過去のあり方を壊す建築が人を変え、窓は人と地域の関係性をつくる

現代の建築設計者には何が求められていると思われますか。

設計を依頼してくださるクライアントや、まちづくりに関わる人々など地域に対する意識の高い人が周囲に多く、いつも勉強させてもらっています。
そんな方々と関わる中で見えてくる、暮らし方や働き方、都市空間に対する疑問を“建築として再構築すること”でしょうか。
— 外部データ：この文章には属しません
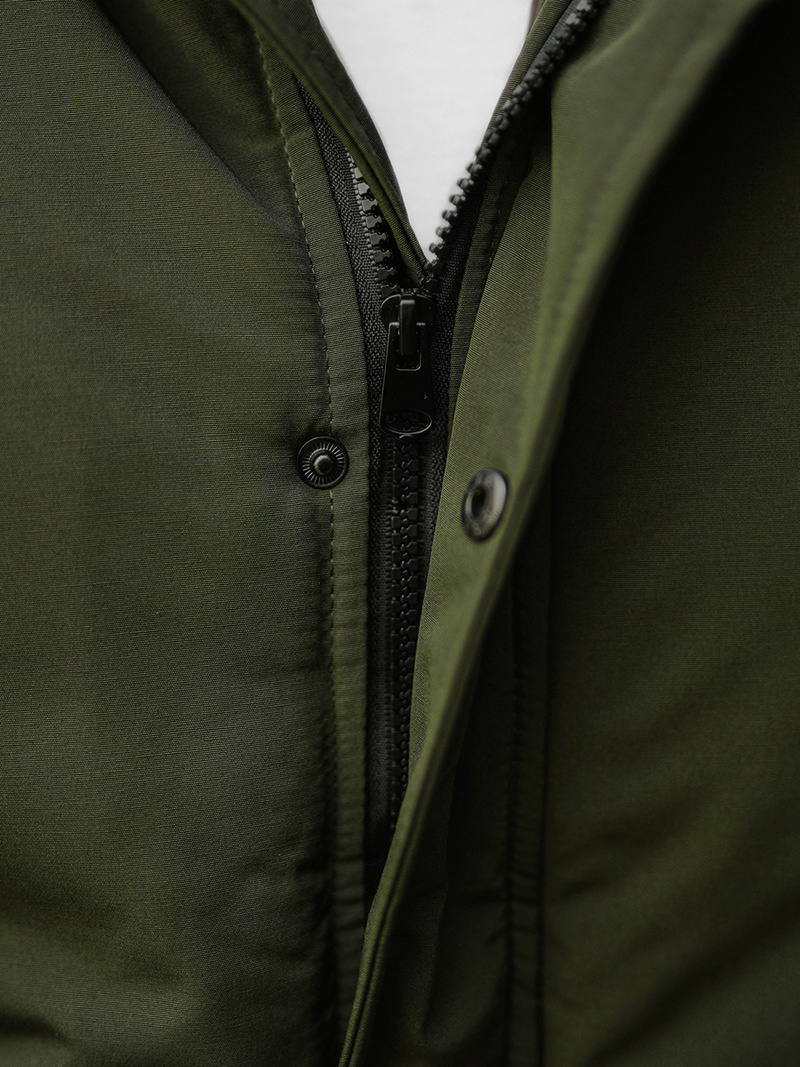 Herren Winterjacke Khaki OZONEE JS/M2019/136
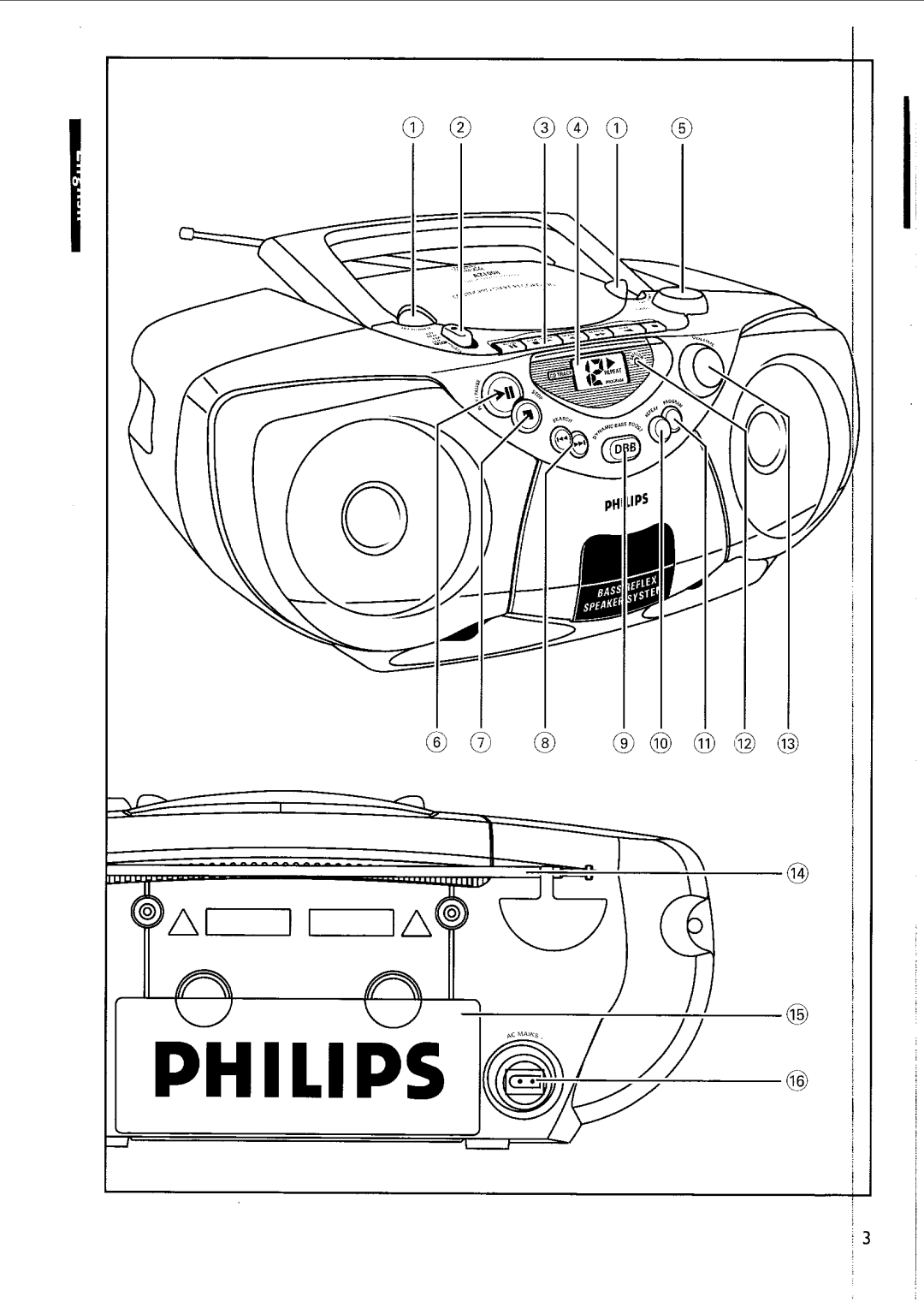 Philips AZ 1013, AZ 1011, AZ 1012 manual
既存の建築の構成を再構築すると、見る人使う人の価値観が変わります。

具体的にはどのように?

例えば、横浜市のマンションの1階に設計した保育園では、前面道路に面した部分に地域に向けて開放したスペースを設けました。
この“地域交流スペース”は、朝晩は子どもたちを送迎するエントランス、日中は地域の人が立ち寄れるサロン、そしてイベント時には保育室と一体利用できるステージとなり、保育と地域をつなぐ場所となります。
保育を地域社会から乖離させない建築をめざしました。
園児たちにもまちを知ってほしいとの思いで、壁には周辺のまちなみマップをクライアントとともに描いています。

地域との関わりを大切にしながら、ソフトとしてどう使いこなすかを、クライアントと一緒に考えていく。つくったら終わりではなく、できあがった後も関わり続けていきます。

その中で、窓が担う役割は。

窓は、そのつくり方で地域社会との関係性が生まれます。光や風、景色を取り込むことに加えて、人の関係性をつくる重要な建築の要素だと思うんですよ。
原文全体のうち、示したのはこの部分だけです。